WHAT YOU HAVE TO DO: Of all the lines below, return only those starting with the line holding "1924 E Shady Grove Road, Irving, TX 75060" and going on through the line holding "古賀市千鳥6丁目第1-2棟（2号棟）の内観：施工例|落ち着いた色調の洋室です。", exactly as written.

DATASET:
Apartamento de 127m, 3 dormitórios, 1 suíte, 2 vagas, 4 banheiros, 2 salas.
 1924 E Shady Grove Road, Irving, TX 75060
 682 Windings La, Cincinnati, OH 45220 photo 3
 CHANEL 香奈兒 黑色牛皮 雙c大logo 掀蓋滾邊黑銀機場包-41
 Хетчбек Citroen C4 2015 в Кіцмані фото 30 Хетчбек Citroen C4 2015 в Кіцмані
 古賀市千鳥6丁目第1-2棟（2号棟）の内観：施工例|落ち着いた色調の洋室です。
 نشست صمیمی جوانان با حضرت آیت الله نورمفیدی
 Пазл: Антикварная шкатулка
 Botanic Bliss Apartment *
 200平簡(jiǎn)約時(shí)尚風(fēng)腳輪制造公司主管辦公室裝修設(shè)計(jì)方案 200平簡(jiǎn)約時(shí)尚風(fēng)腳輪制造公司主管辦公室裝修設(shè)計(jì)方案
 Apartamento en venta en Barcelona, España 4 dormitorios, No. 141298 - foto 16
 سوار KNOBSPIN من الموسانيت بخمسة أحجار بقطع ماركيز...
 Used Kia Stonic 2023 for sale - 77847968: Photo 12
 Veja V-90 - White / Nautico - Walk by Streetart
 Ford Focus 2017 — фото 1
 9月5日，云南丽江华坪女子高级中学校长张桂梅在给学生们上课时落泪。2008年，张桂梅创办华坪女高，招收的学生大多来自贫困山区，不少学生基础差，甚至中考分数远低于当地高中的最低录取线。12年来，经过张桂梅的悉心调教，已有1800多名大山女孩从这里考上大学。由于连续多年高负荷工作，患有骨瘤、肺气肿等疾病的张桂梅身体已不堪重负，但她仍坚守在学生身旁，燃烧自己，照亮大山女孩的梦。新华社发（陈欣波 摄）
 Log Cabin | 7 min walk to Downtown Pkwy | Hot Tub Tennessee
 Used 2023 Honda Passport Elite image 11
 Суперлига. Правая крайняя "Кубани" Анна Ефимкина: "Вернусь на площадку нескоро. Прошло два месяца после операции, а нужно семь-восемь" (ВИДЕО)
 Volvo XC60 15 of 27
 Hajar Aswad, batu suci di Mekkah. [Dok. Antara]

ANSWER AREA:
 1924 E Shady Grove Road, Irving, TX 75060
 682 Windings La, Cincinnati, OH 45220 photo 3
 CHANEL 香奈兒 黑色牛皮 雙c大logo 掀蓋滾邊黑銀機場包-41
 Хетчбек Citroen C4 2015 в Кіцмані фото 30 Хетчбек Citroen C4 2015 в Кіцмані
 古賀市千鳥6丁目第1-2棟（2号棟）の内観：施工例|落ち着いた色調の洋室です。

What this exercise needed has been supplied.